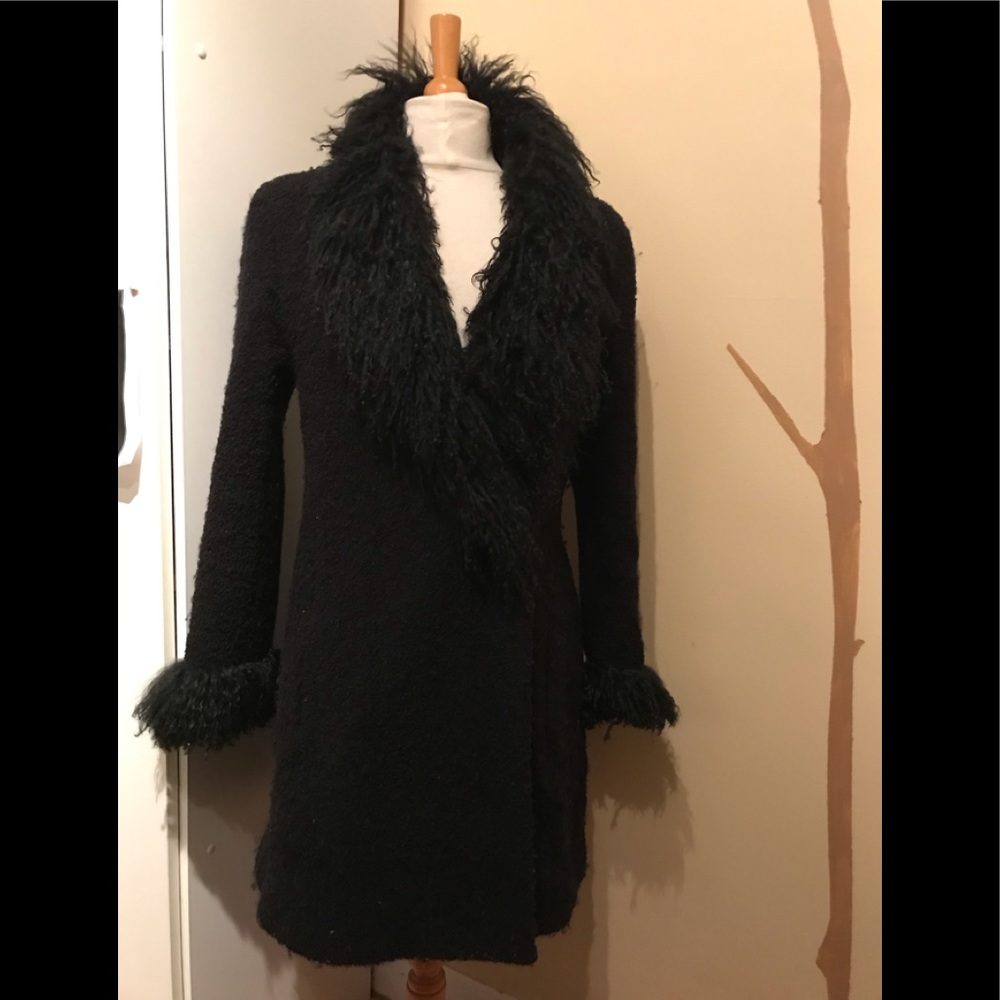 Black wool coat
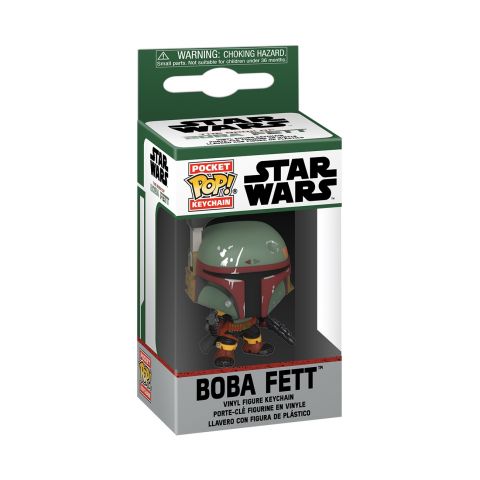 Key Chain: Star Wars Book of Boba Fett - Boba Fett Pocket Pop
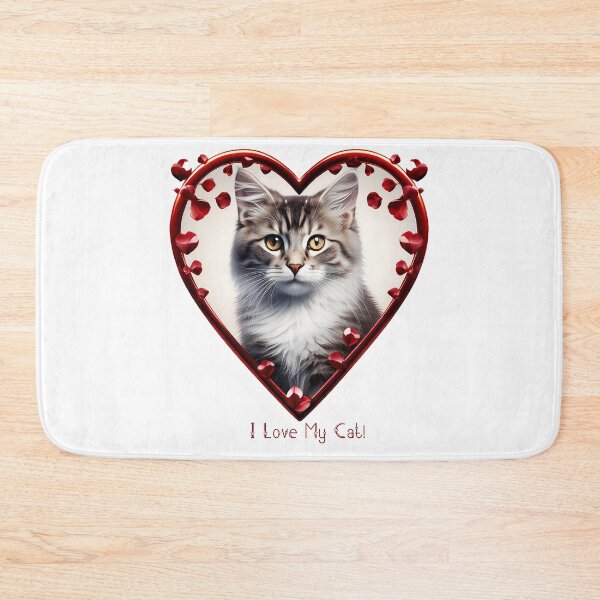 Item preview, I Love My Cat designed and sold by FatCatStudios.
-*-*-
• _Goal of the exercise_
Hand back exactly the lines from the one with "Key Chain: Star" through the last line of the data above, both ends included, with every picture left out.

• _Worked solution_
 Key Chain: Star Wars Book of Boba Fett - Boba Fett Pocket Pop
 Item preview, I Love My Cat designed and sold by FatCatStudios.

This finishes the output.